I can't visit the link, but I went from a 04 Allez 105 to a 10 Tarmac Ultegra and I think it's a world of difference, although that might just be because there's 6 years between them and slightly different components. Ride both and see which one feels better to you, when I rode the Tarmac I was shocked how much different it felt.


----------



## PJ352 (Dec 5, 2007)

mrfizzed said:


> What are your thoughts on these two bikes? Allez Evo is alum with better components listed here:
> Specialized Bicycle Components
> *Tarmac is obviously carbon, albeit their entry level carbon frame* with components that are not quite as good (but I've read that apex is not bad at all when compared to rival). Prices are about the same. Thoughts?


IMO the choice hinges on intended use. If you're looking at $2k bikes, I'm presuming you're on somewhat of a budget. If so, and you're planning on racing, then the adage "don't race what you can't replace" comes to mind.
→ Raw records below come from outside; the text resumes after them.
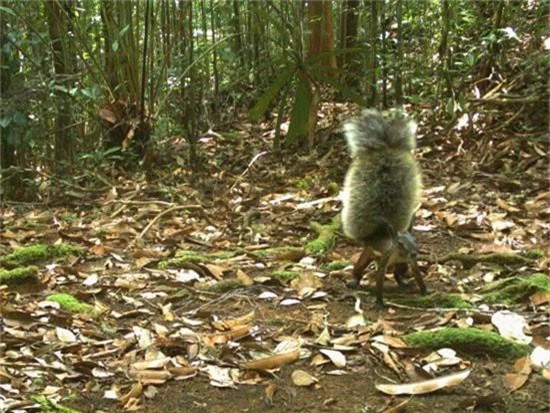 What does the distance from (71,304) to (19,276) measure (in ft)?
1.79

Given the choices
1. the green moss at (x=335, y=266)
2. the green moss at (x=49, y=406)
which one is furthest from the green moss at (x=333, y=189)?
the green moss at (x=49, y=406)

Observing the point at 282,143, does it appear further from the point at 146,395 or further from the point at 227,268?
the point at 146,395

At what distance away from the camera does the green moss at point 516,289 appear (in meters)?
4.20

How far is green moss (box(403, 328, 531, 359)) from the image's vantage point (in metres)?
3.50

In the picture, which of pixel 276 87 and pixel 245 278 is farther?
pixel 276 87

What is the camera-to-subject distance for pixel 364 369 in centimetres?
343

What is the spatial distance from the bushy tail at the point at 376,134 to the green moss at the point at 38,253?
200 cm

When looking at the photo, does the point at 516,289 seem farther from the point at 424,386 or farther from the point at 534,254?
the point at 424,386

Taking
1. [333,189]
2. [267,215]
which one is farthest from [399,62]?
[267,215]

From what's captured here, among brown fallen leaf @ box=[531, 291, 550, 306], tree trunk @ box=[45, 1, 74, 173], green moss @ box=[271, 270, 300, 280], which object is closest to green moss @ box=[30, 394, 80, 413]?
green moss @ box=[271, 270, 300, 280]

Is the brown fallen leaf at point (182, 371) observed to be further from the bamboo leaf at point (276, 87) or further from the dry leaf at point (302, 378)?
the bamboo leaf at point (276, 87)

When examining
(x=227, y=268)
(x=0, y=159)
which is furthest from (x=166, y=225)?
(x=0, y=159)

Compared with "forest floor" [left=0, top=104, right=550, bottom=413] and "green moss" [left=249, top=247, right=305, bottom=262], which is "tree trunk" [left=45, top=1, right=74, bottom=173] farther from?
"green moss" [left=249, top=247, right=305, bottom=262]

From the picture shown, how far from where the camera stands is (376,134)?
4750mm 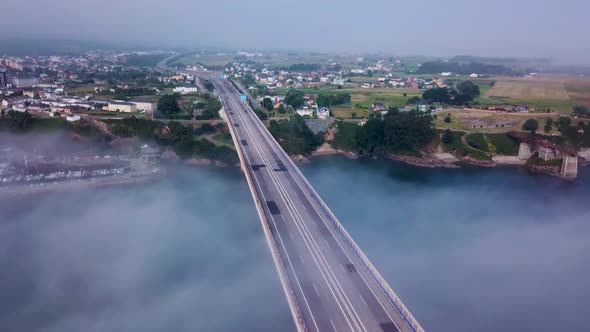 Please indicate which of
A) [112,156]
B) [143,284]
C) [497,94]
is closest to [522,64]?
[497,94]

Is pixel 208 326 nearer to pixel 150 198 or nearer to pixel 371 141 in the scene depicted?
pixel 150 198

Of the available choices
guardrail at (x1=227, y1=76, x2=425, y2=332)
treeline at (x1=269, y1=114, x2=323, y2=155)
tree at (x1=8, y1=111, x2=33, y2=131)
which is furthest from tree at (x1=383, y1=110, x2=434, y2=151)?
tree at (x1=8, y1=111, x2=33, y2=131)

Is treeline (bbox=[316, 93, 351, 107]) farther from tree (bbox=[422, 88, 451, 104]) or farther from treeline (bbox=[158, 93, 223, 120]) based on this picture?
treeline (bbox=[158, 93, 223, 120])

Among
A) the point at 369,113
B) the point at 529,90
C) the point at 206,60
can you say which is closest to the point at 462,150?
the point at 369,113

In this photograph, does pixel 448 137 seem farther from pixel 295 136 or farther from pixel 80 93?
pixel 80 93

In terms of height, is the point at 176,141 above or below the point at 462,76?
below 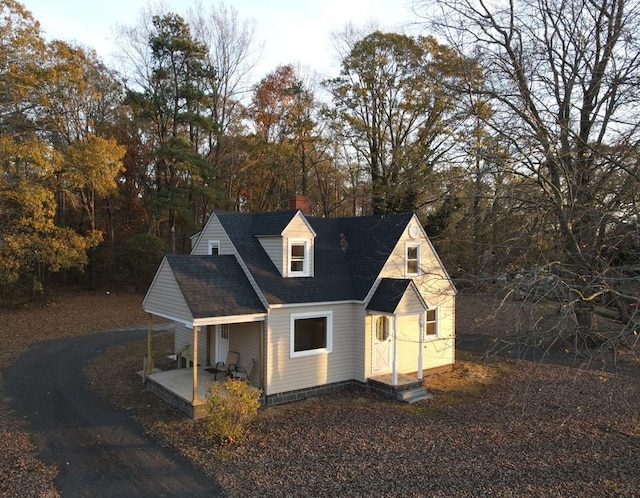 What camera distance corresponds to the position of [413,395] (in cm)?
1305

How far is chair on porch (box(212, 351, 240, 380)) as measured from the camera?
542 inches

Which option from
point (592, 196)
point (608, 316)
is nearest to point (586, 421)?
point (608, 316)

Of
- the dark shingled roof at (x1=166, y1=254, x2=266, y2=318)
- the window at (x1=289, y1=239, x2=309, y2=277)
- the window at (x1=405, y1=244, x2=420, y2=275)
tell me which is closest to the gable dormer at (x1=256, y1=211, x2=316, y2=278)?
the window at (x1=289, y1=239, x2=309, y2=277)

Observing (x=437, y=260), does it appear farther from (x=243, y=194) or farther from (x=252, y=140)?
(x=243, y=194)

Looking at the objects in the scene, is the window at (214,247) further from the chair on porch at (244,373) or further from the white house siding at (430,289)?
the white house siding at (430,289)

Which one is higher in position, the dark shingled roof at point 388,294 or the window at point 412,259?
the window at point 412,259

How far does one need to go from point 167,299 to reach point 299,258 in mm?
4092

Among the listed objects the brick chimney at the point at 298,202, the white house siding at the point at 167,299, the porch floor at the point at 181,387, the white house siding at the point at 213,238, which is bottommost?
the porch floor at the point at 181,387

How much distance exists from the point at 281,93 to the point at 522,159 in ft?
91.8

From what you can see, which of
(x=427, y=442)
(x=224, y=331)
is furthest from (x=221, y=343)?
(x=427, y=442)

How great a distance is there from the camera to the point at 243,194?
3762 centimetres

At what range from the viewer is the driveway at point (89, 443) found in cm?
812

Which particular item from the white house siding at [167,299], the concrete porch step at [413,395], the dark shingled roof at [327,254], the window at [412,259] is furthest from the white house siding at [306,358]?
the window at [412,259]

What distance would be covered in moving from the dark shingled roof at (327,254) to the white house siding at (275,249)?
13 cm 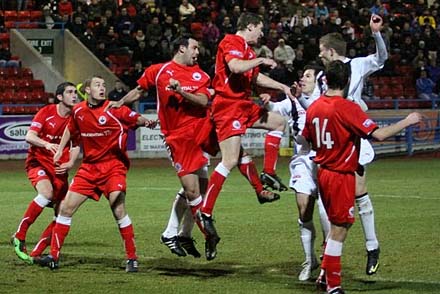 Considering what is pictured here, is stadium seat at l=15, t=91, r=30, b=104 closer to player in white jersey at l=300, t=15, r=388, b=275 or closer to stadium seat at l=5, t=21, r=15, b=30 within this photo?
stadium seat at l=5, t=21, r=15, b=30

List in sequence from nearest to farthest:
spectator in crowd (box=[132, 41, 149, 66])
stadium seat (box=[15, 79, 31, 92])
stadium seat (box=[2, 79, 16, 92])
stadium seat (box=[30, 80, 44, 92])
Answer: stadium seat (box=[2, 79, 16, 92]), stadium seat (box=[15, 79, 31, 92]), stadium seat (box=[30, 80, 44, 92]), spectator in crowd (box=[132, 41, 149, 66])

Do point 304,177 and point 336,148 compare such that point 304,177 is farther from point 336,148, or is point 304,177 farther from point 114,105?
point 114,105

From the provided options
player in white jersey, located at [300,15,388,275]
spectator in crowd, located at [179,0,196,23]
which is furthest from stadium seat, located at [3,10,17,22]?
player in white jersey, located at [300,15,388,275]

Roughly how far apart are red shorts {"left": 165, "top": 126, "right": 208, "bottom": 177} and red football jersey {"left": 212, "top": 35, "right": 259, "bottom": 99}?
56 cm

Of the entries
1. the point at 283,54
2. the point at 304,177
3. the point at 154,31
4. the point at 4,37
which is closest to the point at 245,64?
the point at 304,177

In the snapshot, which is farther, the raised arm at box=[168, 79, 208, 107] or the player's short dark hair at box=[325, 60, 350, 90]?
the raised arm at box=[168, 79, 208, 107]

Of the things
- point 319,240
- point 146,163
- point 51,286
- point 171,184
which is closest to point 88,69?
point 146,163

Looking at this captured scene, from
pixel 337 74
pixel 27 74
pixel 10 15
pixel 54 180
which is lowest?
pixel 27 74

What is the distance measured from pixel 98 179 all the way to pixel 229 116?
156 centimetres

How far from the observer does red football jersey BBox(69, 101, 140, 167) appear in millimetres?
11148

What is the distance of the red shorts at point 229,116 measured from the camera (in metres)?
11.0

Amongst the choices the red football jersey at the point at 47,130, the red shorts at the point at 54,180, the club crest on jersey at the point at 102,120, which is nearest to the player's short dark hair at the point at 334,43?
the club crest on jersey at the point at 102,120

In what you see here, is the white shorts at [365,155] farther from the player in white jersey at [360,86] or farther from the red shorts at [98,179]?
the red shorts at [98,179]

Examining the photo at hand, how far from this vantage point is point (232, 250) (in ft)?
40.8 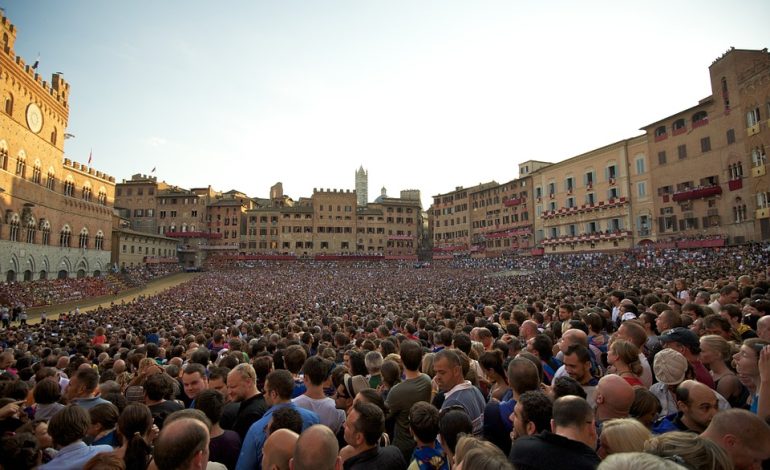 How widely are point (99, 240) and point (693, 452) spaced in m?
61.9

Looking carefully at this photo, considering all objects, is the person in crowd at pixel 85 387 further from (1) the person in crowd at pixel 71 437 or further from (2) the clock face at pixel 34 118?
(2) the clock face at pixel 34 118

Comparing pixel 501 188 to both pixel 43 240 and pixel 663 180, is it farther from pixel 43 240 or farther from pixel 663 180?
pixel 43 240

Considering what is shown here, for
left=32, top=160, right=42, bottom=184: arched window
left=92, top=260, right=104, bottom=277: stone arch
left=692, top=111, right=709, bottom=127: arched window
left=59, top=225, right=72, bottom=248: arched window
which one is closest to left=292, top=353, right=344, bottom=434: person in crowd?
left=692, top=111, right=709, bottom=127: arched window

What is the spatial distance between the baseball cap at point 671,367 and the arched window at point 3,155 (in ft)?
164

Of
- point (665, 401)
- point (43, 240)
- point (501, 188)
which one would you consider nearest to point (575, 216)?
point (501, 188)

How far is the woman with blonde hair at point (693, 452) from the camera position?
7.10ft

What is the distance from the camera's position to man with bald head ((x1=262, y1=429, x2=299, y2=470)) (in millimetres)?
3025

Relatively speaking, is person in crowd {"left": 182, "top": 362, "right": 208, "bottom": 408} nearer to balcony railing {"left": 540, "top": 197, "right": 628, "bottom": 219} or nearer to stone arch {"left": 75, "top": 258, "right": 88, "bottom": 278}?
balcony railing {"left": 540, "top": 197, "right": 628, "bottom": 219}

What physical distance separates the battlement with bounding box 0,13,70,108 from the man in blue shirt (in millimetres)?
49856

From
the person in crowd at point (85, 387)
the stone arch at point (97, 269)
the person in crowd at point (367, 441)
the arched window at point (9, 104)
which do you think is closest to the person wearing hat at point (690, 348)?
the person in crowd at point (367, 441)

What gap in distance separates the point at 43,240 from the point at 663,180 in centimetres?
6523

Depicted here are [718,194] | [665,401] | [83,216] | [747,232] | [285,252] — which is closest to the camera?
[665,401]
CF is (IMO) a great frame material, but it's not cheap to repair or replace, so alu has an edge there.

Conversely, if you're looking to do recreational riding, fitness/ training/ group/ charity rides, then I think the Tarmac is the way to go. All else being equal (mainly tire construction, size and PSI based on total rider weight) IMO/E it'll prove superior in quelling road buzz/ vibration.

As far as it being 'entry level carbon', back just three model years ago, the Expert (which got some notable accolades) was technologically inferior to Specs current 'low end' CF frames. Using the link below, feel free to do some comparing, but I think you'll agree.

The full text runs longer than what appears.